There are so many great Tapas bars have opened in Palma over the last few years, and to talk about Spanish food without mentioning tapas is almost impossible.
These little plates, often no bigger than a handful, carry the weight of an entire culture. Tapas are not just about eating; they are about sharing, socialising, and savouring life in bite-sized moments.
The origins of tapas are steeped in legend. One popular story claims that tapas began in Andalusia, when bartenders placed slices of bread or ham over glasses of sherry to keep the flies out. The word tapa literally means “lid.” Another tale suggests that King Alfonso X, recovering from illness, ordered that food always be served with wine to prevent the effects of drinking on an empty stomach. Whatever the truth, tapas quickly became a ritual: food served not in courses, but in conversation.

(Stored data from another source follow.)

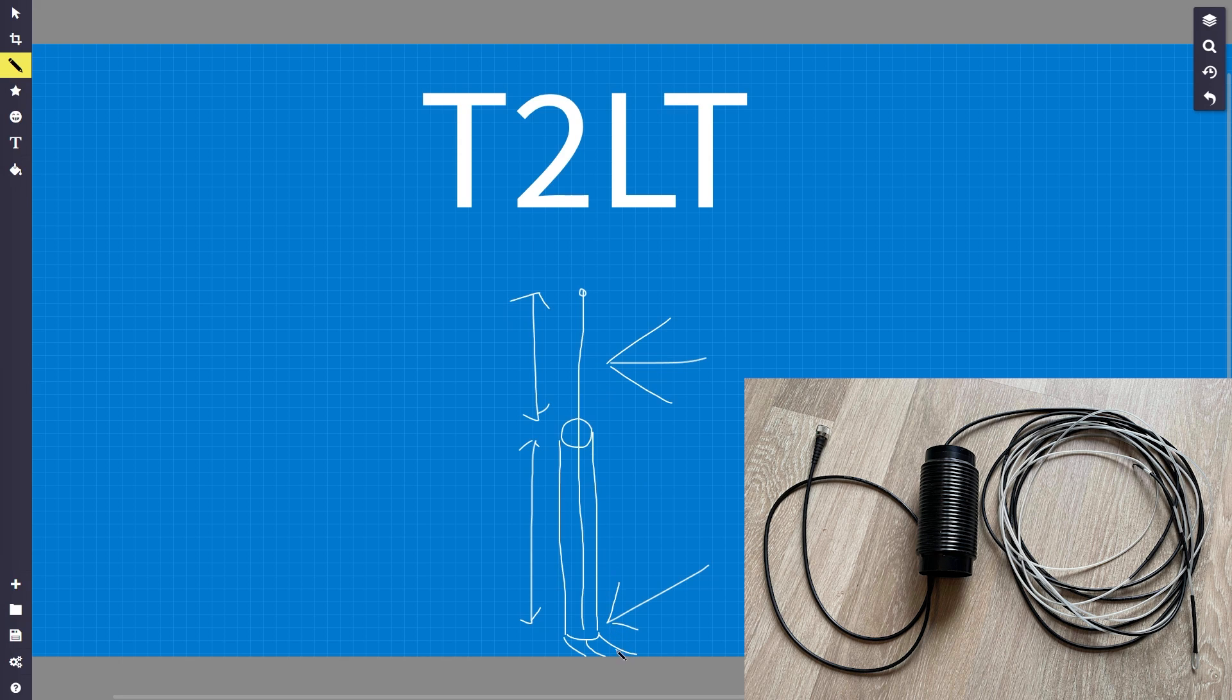And how this works is the power comes up the inside of the braid and it jumps around onto the outside of the braid, and it uses the outside of the braid as the second half of the antenna.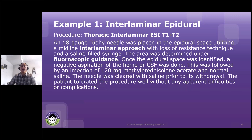You'll notice I have bolded out some terms here that we need to know for coding. We know we have an interlaminar approach, we know we have it at T1-T2, and we know we've got fluoroscopic guidance.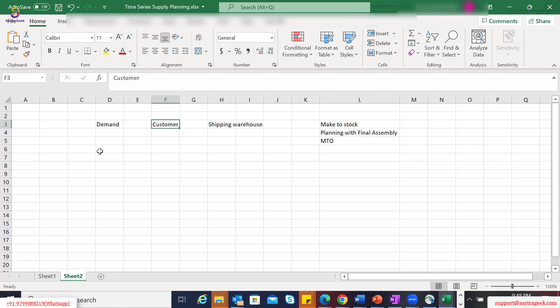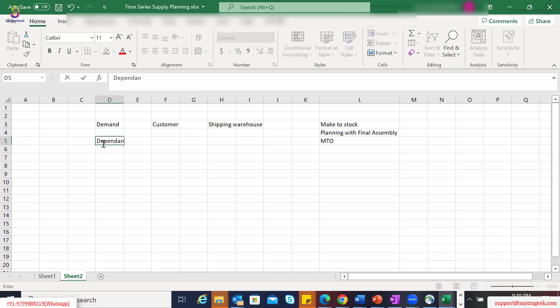The system identifies that if the same warehouse is shipping to multiple customers, multiple demands come in from different customers. These are summed up and used as total demand at the warehouse location level. The next step is the dependent demand calculation at warehouse level.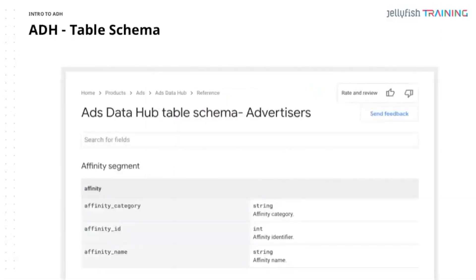Another point: if we're going to use ADH, there is a table schema available within ADH. This table schema tells us all the details about the fields and tables we'll use in ADH, as well as descriptions — though within the platform the descriptions aren't always there. We need to look at the different column headers in the fields and how they reside differently compared to what we know within the Google Marketing Platform — the data may not be in the same format.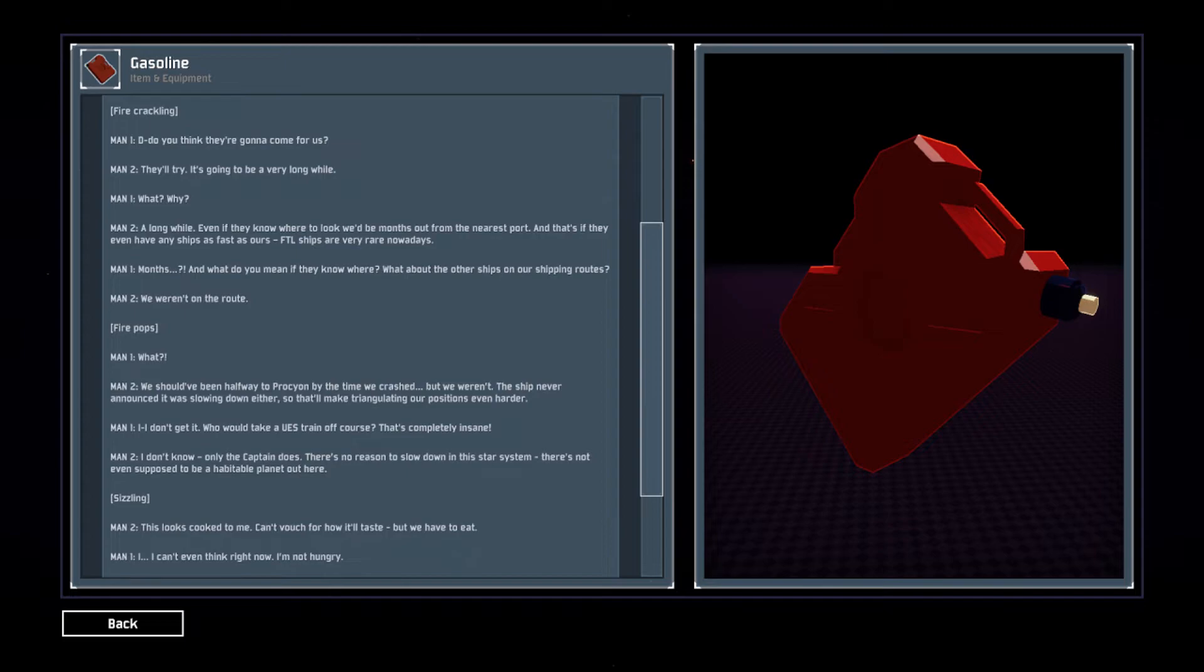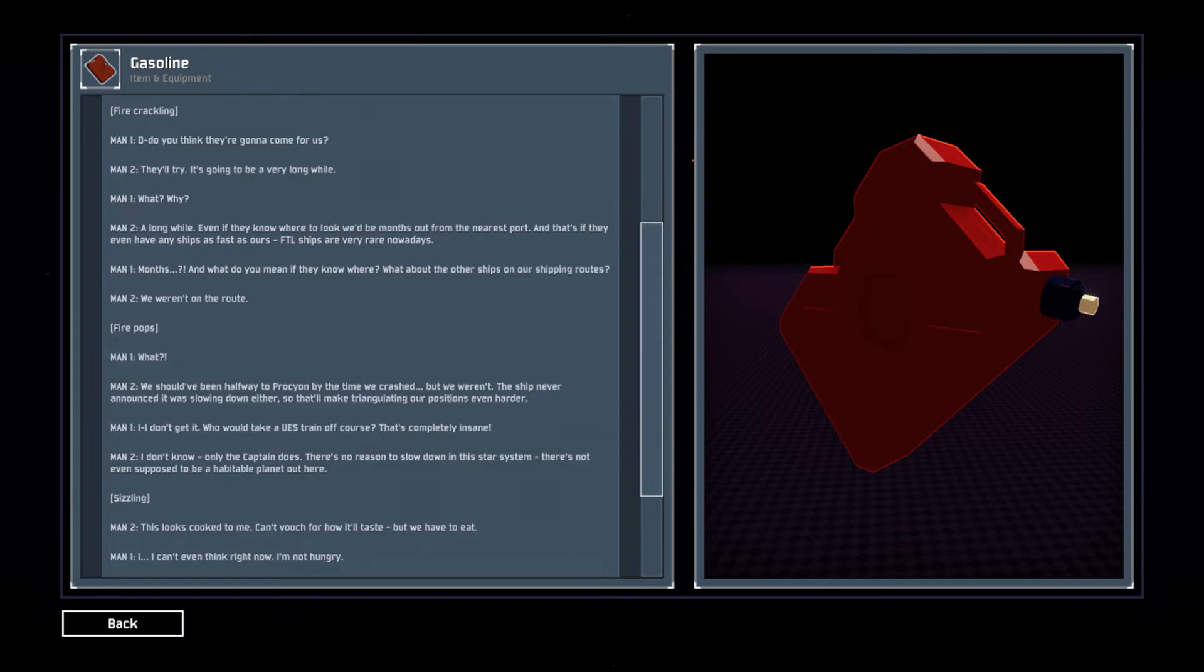This looks cooked to me, can't vouch for how it'll taste, but we have to eat. I can't even think right now. I'm not hungry. Eat. We've got a lot of traveling to do tomorrow. We're gonna need to keep our strength.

At their heart, tapas reflect Spain’s diverse landscapes and traditions. Along the coast, you’ll find gambas al ajillo—prawns sizzling in garlic and olive oil—or boquerones en vinagre, fresh anchovies marinated in vinegar. Inland regions lean on heartier flavours: chorizo al vino, slow-cooked in red wine, or morcilla, a spiced black pudding often paired with peppers. Then there are the timeless classics found everywhere: patatas bravas with their fiery sauce, tortilla española—a thick, golden omelette of potatoes and onions—and jamón ibérico, cured for years until it melts on the tongue.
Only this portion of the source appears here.